Strains OC/00219, OC/00260, and OC/00261 were classified in HEV71 by the phylogenetic analysis, although these viruses were not neutralized by monospecific anti HEV71 sera. Because the VP1 protein contains a number of important neutralization sites (1,30), we determined the complete VP1 nucleotide sequences and compared the deduced amino acid sequences of OC/00219, OC/00260, and OC/00261. OC/00168 used as a prototype strain for HEV71 was also analyzed because this strain was neutralized by anti-HEV71/BrCr serum; moreover, its VP4 gene was the same as that of OC/00219 (Figure 2).
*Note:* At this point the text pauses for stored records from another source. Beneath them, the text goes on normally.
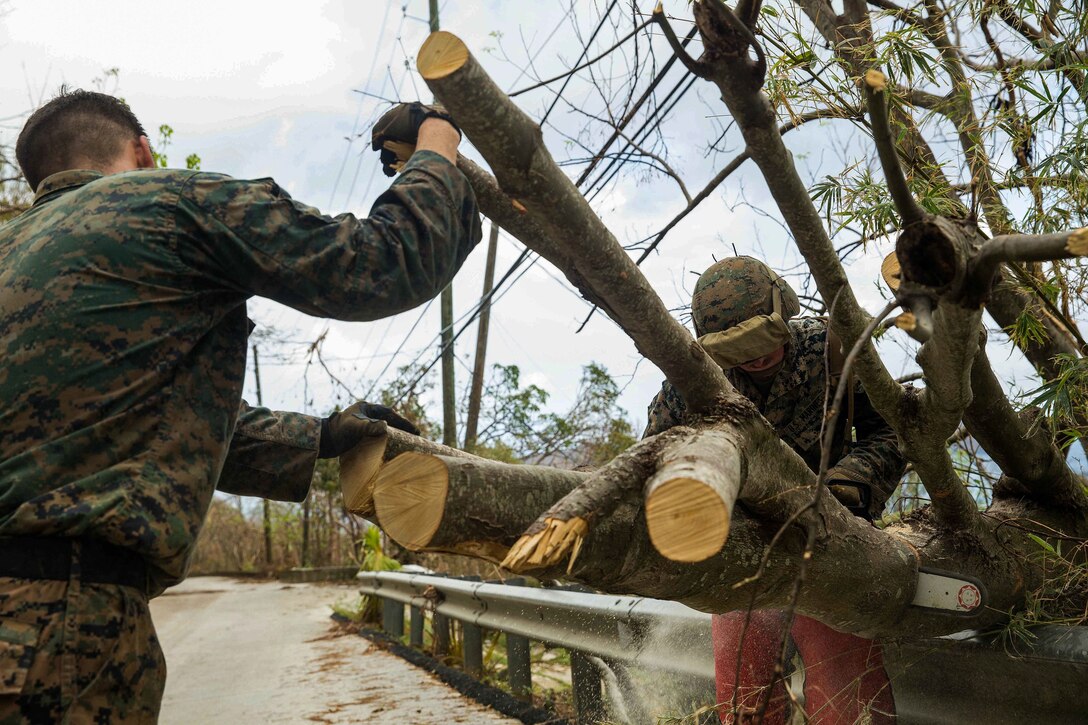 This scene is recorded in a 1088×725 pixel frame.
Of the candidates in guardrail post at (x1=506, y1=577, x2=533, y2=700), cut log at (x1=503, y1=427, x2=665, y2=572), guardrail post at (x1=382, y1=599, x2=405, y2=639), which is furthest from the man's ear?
guardrail post at (x1=382, y1=599, x2=405, y2=639)

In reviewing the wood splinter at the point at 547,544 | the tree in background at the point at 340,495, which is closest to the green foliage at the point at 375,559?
the tree in background at the point at 340,495

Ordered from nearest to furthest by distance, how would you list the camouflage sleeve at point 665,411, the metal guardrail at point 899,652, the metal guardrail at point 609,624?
1. the metal guardrail at point 899,652
2. the camouflage sleeve at point 665,411
3. the metal guardrail at point 609,624

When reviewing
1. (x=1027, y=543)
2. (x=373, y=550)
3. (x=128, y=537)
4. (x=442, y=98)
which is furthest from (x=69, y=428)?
(x=373, y=550)

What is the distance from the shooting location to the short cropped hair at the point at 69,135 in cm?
241

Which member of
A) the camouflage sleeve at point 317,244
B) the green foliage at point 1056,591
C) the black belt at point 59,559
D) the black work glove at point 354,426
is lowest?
the green foliage at point 1056,591

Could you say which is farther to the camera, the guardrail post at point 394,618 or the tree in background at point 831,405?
the guardrail post at point 394,618

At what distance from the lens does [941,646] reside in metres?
3.04

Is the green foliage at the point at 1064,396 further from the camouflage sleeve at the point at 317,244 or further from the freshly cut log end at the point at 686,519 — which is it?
the camouflage sleeve at the point at 317,244

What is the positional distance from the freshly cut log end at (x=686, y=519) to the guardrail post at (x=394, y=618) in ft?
23.2

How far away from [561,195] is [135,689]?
1463mm

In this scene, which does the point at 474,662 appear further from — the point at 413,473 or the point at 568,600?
the point at 413,473

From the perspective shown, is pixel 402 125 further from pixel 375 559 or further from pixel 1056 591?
pixel 375 559

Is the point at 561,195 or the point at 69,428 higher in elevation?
the point at 561,195

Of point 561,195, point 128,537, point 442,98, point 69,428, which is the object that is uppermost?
point 442,98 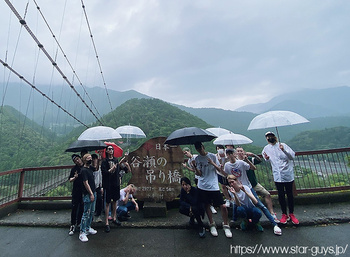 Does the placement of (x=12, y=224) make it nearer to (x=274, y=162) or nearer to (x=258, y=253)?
(x=258, y=253)

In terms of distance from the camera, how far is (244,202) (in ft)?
11.5

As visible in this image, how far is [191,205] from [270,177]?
2.74 meters

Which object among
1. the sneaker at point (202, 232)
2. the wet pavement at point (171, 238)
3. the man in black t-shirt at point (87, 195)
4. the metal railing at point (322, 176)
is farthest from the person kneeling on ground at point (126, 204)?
the metal railing at point (322, 176)

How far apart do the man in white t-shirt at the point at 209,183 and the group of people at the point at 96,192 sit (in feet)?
6.09

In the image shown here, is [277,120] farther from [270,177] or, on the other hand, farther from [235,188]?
[270,177]

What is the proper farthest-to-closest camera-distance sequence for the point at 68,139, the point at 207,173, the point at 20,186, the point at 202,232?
1. the point at 68,139
2. the point at 20,186
3. the point at 207,173
4. the point at 202,232

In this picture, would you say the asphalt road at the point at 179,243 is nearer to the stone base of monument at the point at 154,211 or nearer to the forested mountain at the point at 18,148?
the stone base of monument at the point at 154,211

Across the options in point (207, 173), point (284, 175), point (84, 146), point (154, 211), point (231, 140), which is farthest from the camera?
point (231, 140)

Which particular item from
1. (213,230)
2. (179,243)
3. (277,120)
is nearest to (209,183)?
(213,230)

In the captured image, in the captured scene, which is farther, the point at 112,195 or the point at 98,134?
the point at 98,134

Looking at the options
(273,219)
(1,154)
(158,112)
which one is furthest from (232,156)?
(158,112)

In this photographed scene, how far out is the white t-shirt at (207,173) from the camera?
11.3ft

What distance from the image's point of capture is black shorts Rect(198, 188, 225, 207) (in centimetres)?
341

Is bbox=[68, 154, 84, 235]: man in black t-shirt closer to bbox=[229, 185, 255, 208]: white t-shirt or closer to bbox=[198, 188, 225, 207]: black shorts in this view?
bbox=[198, 188, 225, 207]: black shorts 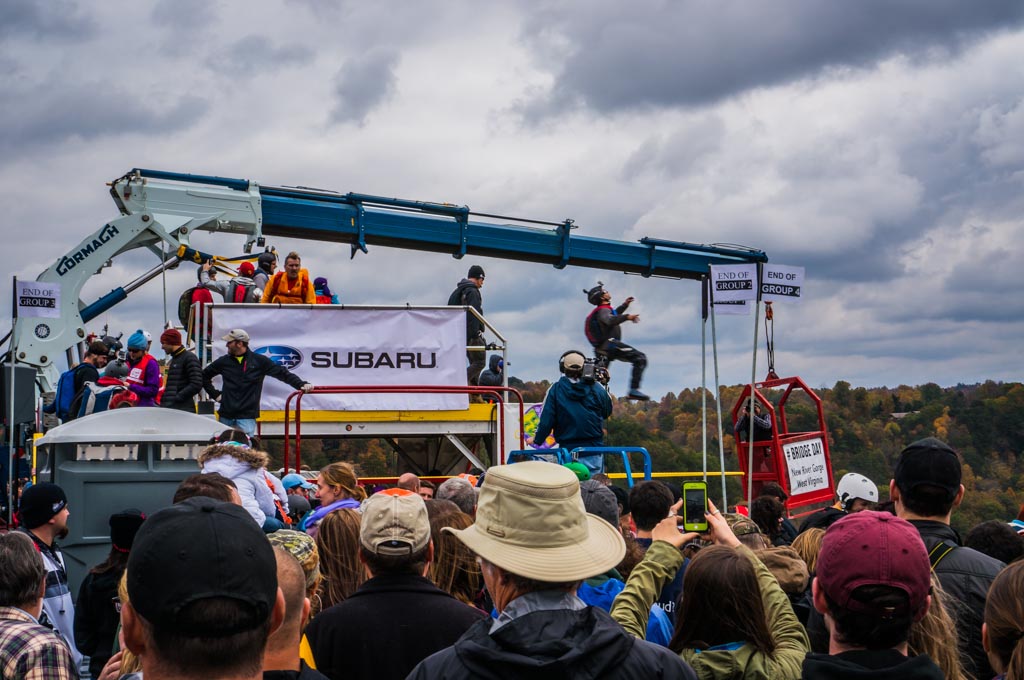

The complete VP1 nucleotide sequences of these strains were 891 nt long, and the deduced amino acid sequences were 297 amino acids long. The differences of VP1 nucleotide sequences were 4 to 42 nt (0.4% to 4.7%), and the difference of deduced amino acid sequences was one amino acid (0.3%) among these viruses. The differences of VP1 nucleotide sequences between OC/00168 and OC/00219 were 4 nt (0.4%), and the deduced VP1 amino acid sequences of these strains were the same. The VP1 nucleotide and deduced amino acid sequences of OC/00260 and OC/00261 were identical (data not shown). The deduced VP1 amino acid sequences of these four strains were compared with that of BrCr (Table 5). There were 18 amino acid (6%) differences between BrCr and other strains. The different amino acid positions of strains OC/00168, OC/00219, OC/00260, and OC/00261 against BrCr were the same. Any mutated residues distinguishable BrCr and OC/00168 from OC/00219, OC/00260, and OC/00261 were not recognized in the VP1 amino acid sequences.